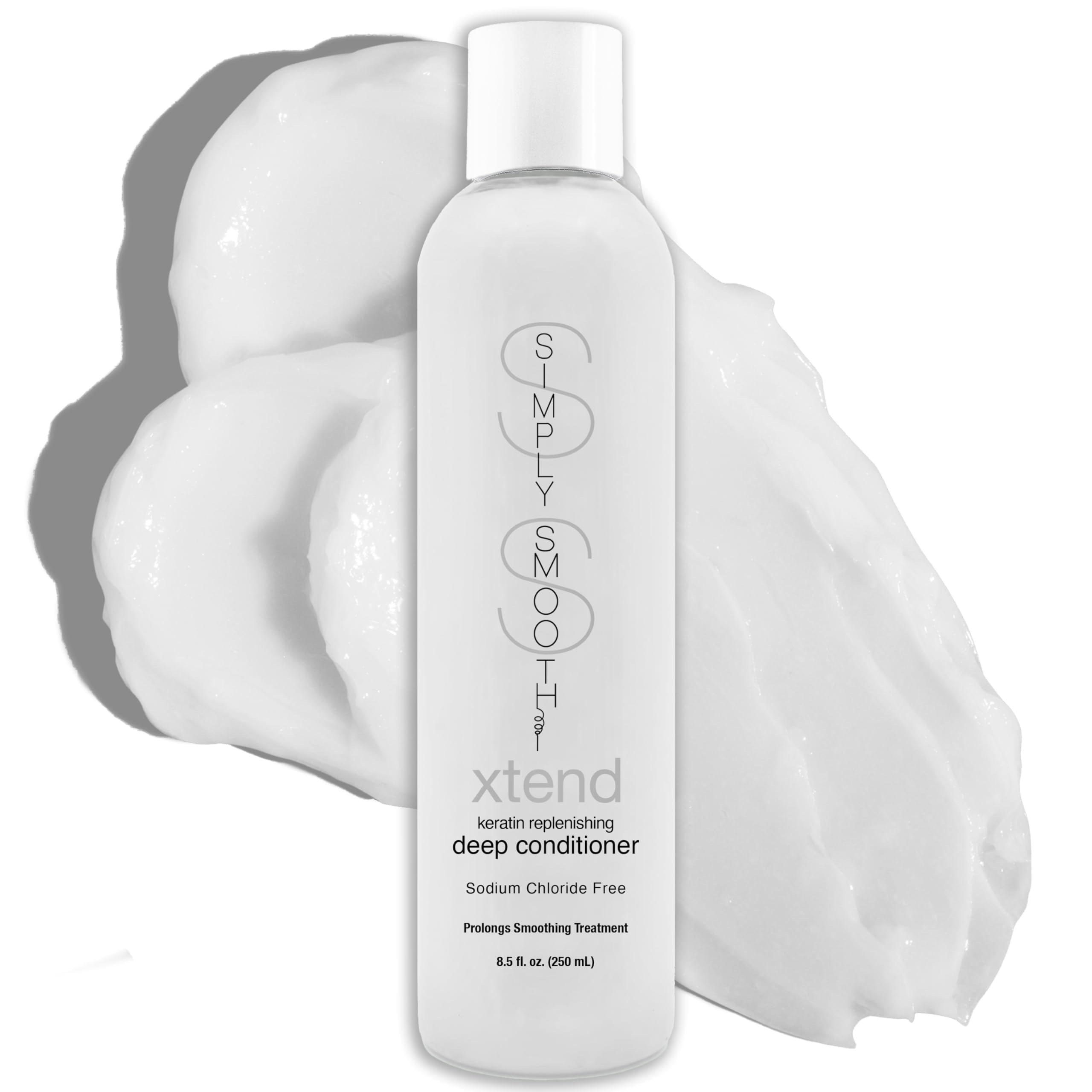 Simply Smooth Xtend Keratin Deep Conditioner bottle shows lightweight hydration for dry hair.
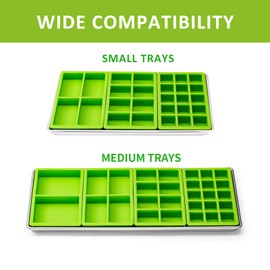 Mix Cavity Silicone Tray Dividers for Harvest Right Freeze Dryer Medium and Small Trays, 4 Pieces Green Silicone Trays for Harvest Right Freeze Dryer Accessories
────────────────────────────────────────
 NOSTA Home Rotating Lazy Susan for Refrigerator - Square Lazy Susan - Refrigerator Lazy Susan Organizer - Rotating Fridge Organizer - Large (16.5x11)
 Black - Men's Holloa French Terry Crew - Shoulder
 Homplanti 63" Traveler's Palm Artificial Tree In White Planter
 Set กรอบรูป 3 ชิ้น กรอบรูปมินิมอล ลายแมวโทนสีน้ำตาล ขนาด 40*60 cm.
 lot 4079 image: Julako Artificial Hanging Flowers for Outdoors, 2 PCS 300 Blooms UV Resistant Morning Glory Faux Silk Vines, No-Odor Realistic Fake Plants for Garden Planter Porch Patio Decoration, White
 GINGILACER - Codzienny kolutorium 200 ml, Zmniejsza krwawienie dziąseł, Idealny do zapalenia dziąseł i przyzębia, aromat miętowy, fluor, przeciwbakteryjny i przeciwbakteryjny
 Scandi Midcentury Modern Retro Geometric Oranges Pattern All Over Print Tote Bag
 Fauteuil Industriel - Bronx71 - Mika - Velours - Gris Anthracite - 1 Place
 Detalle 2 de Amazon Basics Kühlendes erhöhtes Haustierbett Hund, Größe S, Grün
────────────────────────────────────────
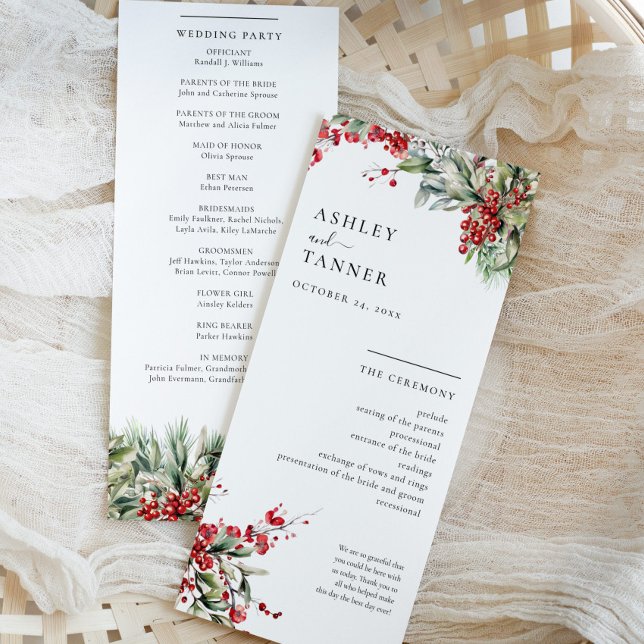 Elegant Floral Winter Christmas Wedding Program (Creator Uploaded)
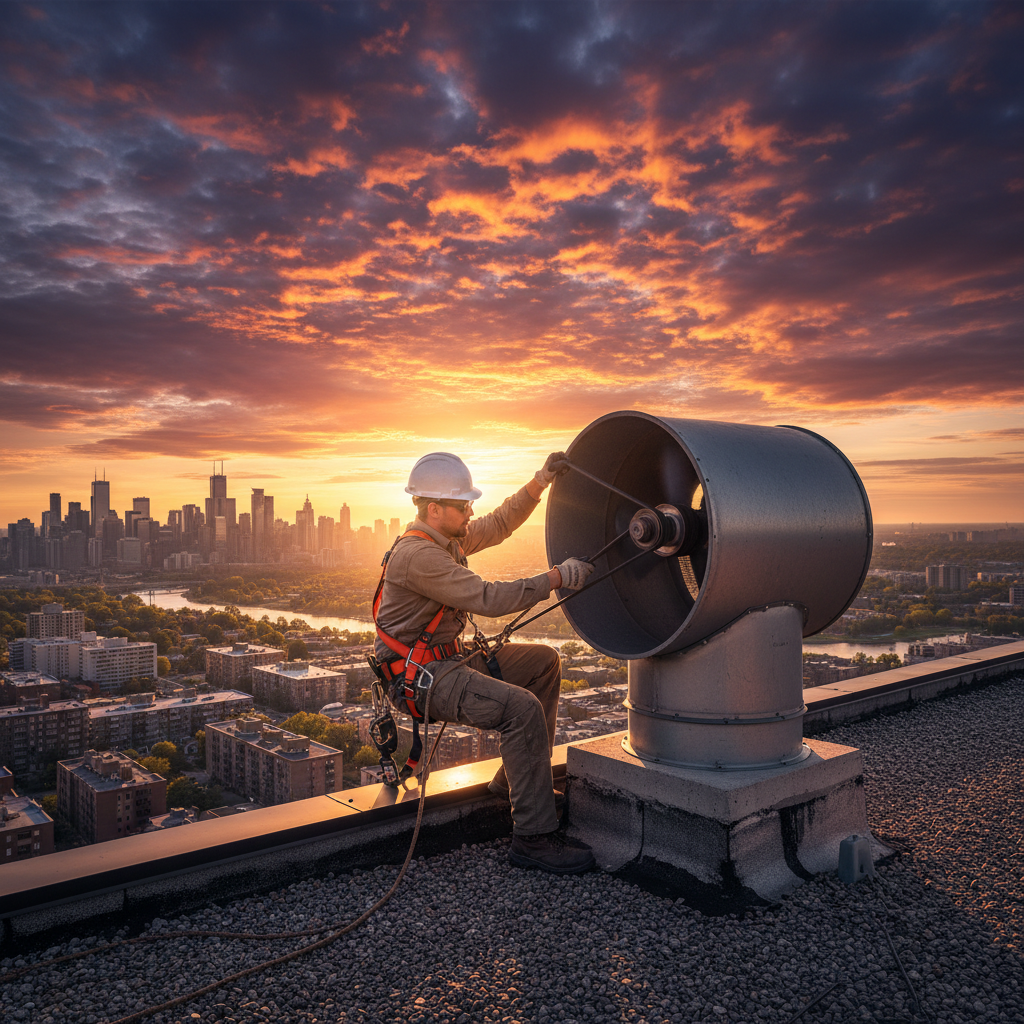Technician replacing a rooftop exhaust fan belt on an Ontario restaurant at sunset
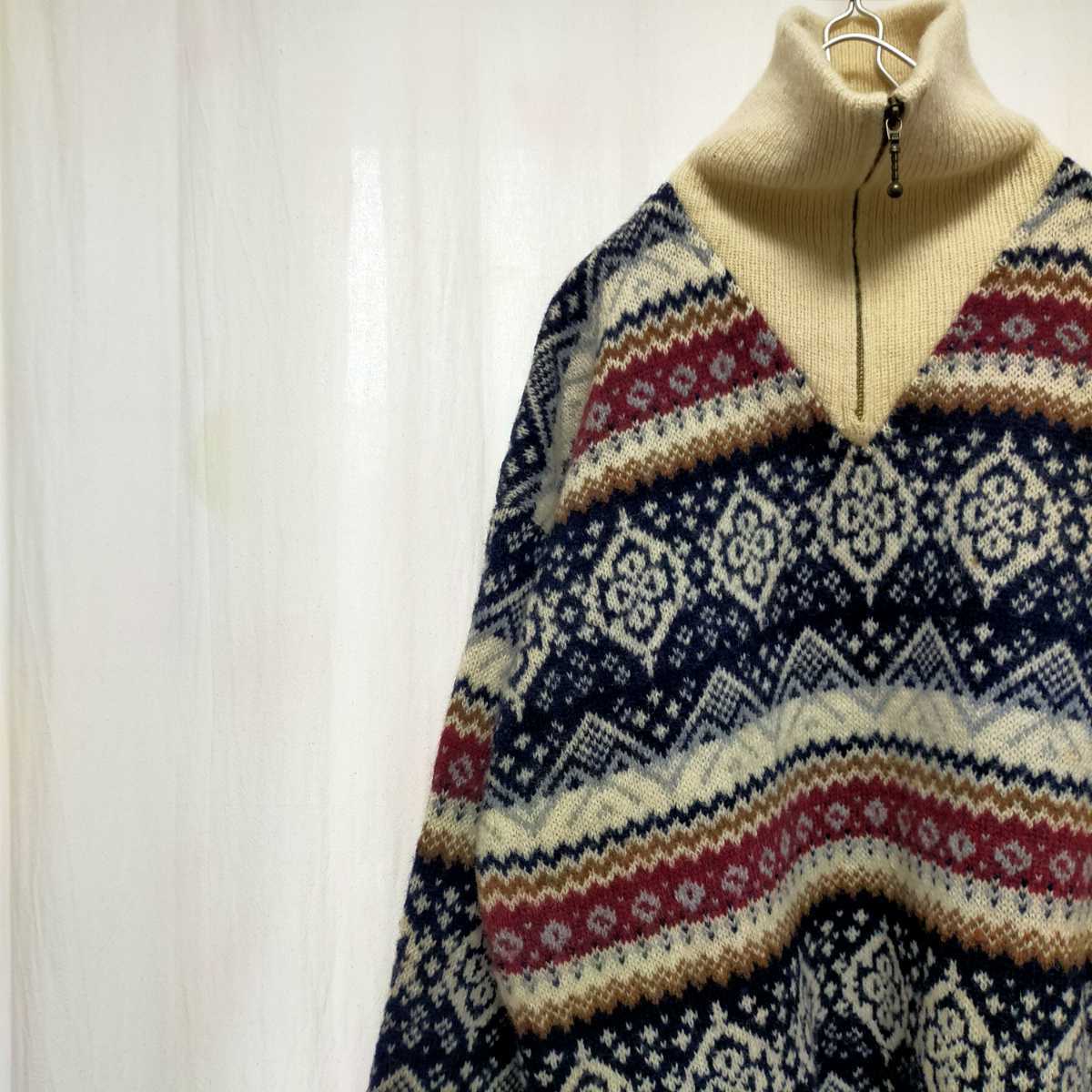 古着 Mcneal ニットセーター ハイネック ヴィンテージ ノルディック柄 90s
────────────────────────────────────────
Only the lines above starting with the one with "Fauteuil Industriel - Bronx71" and going through the one with "Detalle 2 de" are to be copied, word for word and with both ends kept.

 Fauteuil Industriel - Bronx71 - Mika - Velours - Gris Anthracite - 1 Place
 Detalle 2 de Amazon Basics Kühlendes erhöhtes Haustierbett Hund, Größe S, Grün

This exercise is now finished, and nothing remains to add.